Newbury Center to Create Community for First-Gen Students
By Angela Yang
Maria Erb was swept to the U.S. as an infant from South Korea, and grew up with her Dutch family on a dairy farm in Vermont.
Her parents never cared much for education, and if not for her own drive to apply to college, she might have spent her life as a dairy farmer, like many of her relatives. But she knew that wasn’t the life for her.
“I just believed that there was something more for me out there,” Erb said. “I understood that in order to make a change or get out of my life on the farm, by going to college, that would open doors for me. And it truly, truly did.”
After initially graduating from the University of New Hampshire then going on to get her master’s degree from the University of Vermont, she has grown passionate about helping other first-generation students access higher education.
As the founding director of Boston University’s Newbury Center, a support hub for first-gen students, Erb said she is eager to get started. She remembers applying to college herself: she only tried for one school, and to her surprise, she was admitted.
Erb, who graduated second in her high school class, said she later discovered that year’s applicant pool was highly competitive. She didn’t understand much of that at the time, but what she did know was that she didn’t have the luxury of shooting for every basket:
“You hear now so many students applying for so many colleges, but it was also costly,” Erb said. “I couldn’t afford to do that.”
That low-income family background followed her throughout her college years.

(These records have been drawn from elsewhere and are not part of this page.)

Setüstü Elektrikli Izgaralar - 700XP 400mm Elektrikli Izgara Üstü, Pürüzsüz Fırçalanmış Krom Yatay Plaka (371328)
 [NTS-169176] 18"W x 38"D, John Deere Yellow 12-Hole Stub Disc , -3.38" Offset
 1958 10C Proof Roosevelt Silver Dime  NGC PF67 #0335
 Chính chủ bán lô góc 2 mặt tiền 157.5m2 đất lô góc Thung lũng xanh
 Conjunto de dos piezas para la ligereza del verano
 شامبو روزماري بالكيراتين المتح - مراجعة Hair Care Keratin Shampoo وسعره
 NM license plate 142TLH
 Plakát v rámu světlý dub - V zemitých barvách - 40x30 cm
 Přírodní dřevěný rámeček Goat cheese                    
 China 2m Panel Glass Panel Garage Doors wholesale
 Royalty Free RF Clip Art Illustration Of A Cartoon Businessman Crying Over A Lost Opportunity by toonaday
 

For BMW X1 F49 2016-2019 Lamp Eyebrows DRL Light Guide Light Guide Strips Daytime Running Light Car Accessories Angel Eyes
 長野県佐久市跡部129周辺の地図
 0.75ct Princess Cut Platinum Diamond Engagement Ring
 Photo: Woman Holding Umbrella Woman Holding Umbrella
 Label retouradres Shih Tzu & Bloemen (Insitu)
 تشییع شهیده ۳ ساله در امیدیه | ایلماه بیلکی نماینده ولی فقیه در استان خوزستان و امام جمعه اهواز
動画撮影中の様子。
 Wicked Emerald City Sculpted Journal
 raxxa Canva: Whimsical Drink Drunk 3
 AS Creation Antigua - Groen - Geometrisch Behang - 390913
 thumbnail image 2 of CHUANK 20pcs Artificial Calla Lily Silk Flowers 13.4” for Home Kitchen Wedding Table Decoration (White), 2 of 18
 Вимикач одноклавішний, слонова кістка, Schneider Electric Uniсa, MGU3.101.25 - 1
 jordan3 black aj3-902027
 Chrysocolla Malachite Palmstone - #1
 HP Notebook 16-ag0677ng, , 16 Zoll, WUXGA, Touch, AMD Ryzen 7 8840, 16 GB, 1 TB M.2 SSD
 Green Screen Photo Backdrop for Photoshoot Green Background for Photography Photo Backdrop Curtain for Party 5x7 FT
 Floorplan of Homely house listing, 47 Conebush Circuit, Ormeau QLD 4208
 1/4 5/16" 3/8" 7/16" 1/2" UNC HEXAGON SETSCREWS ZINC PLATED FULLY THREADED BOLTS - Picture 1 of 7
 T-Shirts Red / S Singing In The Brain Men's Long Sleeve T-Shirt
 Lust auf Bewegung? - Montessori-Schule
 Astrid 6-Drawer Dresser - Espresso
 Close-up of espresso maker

And those challenges weren’t unique to her — they can be typical for many first-gen college students.
“We look back on that, and it’s like of course that made sense, as first-gen students, that we weren’t able to participate in study abroad or we didn’t do unpaid internships because we couldn’t afford to,” she said. “Our main thing was having to work several jobs … so that we could afford to just live day to day.”
Erb aims for the Newbury Center to establish a sense of community among first-gen students across campus in hopes that those who share experiences like hers can realize they are not alone, and that they have a support system.
For BU senior Anna Pham, that sort of community is exactly what she needed as a first-gen student. She said she’s never felt fully able to share her college experience with her parents, because they had never experienced that lifestyle.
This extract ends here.